▶

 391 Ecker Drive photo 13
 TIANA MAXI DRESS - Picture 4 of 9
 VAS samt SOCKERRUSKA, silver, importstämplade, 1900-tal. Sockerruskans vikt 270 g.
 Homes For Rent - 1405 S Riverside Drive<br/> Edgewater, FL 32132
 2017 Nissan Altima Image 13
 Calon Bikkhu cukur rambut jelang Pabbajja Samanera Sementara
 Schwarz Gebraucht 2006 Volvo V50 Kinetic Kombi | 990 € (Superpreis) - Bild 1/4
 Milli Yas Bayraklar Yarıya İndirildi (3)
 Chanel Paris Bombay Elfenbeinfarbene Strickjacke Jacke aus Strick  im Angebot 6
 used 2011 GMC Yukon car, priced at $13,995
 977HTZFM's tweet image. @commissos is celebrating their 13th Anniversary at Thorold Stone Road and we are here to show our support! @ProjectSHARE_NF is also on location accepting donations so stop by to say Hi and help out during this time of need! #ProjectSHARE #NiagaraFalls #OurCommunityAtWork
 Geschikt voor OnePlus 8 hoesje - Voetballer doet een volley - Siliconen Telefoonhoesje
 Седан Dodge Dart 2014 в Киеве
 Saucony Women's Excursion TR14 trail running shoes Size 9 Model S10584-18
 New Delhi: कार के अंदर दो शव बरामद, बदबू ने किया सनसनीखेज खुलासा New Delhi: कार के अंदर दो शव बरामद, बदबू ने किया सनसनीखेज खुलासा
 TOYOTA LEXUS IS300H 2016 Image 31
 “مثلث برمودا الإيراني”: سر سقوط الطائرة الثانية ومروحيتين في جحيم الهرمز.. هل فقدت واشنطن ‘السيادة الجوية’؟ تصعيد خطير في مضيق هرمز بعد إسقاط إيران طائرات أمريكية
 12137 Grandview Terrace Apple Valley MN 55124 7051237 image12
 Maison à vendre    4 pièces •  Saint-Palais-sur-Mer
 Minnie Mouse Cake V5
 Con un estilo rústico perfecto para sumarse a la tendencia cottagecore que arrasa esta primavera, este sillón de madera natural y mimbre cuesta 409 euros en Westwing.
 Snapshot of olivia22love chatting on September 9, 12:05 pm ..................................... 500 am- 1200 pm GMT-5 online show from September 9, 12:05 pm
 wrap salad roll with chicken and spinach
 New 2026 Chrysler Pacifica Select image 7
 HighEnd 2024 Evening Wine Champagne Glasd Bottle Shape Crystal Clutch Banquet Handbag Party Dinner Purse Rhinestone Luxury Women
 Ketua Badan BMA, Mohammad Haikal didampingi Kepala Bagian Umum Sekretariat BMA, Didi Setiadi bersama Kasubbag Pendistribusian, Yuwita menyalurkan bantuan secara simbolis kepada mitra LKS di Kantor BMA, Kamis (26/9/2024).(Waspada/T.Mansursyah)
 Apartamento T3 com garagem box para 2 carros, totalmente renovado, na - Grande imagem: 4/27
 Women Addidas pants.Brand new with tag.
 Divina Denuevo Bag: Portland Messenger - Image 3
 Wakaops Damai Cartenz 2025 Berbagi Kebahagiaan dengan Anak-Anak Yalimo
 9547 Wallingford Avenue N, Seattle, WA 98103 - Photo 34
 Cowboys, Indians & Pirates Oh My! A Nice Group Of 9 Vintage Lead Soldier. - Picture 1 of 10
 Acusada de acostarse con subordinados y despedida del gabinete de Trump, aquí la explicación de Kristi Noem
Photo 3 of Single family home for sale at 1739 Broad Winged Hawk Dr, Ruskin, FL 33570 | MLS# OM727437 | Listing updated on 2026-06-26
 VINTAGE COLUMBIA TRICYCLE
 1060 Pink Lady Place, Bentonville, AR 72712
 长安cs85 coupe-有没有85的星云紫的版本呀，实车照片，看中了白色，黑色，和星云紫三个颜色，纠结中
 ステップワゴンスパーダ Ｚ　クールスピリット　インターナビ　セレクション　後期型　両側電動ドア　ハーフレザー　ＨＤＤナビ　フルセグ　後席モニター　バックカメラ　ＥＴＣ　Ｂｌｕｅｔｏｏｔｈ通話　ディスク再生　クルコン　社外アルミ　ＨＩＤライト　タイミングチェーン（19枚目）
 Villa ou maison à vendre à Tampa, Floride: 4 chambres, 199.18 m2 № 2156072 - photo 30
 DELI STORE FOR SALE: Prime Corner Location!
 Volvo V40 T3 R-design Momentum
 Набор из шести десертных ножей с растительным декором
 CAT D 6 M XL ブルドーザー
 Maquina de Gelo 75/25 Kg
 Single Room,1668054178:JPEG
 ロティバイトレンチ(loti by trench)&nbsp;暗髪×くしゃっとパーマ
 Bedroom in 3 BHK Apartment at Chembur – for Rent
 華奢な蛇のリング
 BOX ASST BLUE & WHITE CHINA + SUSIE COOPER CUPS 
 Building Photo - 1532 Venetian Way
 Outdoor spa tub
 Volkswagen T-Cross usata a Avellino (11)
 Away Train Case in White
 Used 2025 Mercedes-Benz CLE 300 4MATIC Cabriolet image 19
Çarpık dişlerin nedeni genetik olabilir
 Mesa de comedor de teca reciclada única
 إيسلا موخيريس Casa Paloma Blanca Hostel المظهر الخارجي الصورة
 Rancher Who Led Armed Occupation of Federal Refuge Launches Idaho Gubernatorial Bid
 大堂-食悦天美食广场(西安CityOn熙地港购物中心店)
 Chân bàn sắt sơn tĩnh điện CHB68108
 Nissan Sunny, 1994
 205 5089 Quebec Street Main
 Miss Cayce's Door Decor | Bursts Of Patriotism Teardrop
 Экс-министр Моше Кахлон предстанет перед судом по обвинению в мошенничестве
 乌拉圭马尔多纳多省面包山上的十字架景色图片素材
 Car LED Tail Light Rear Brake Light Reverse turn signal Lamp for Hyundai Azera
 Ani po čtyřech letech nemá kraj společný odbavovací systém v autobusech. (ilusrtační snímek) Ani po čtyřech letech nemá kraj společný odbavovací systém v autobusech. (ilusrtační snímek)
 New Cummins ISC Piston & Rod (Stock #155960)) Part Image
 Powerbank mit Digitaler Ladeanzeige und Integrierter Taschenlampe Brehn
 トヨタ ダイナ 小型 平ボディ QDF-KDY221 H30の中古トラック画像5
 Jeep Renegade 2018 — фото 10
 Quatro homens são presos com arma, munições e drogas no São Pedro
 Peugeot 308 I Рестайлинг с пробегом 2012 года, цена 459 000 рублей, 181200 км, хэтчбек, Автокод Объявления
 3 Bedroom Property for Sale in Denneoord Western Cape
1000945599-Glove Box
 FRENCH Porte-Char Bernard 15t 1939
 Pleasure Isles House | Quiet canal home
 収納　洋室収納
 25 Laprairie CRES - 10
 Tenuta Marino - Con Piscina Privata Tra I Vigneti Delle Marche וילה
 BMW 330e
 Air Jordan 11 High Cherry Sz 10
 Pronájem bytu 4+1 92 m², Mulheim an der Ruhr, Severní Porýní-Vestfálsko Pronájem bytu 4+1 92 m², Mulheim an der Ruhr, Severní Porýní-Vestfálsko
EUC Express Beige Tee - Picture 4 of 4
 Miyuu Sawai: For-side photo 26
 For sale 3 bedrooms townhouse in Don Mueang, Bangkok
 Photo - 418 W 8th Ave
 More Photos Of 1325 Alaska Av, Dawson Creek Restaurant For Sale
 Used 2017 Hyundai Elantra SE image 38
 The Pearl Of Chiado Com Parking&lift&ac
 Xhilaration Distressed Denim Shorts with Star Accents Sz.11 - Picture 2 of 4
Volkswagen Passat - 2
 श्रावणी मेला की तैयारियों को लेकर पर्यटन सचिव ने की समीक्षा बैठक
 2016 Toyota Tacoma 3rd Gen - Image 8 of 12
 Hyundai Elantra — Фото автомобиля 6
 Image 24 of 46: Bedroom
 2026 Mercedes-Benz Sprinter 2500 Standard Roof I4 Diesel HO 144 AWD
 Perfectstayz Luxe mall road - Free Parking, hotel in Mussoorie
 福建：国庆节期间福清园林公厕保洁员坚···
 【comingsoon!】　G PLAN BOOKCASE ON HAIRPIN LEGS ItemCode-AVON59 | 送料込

◀

Task requirements :: Only the number should be given: how many lines in the entries above contain the string "Mercedes"?

Response box :: 2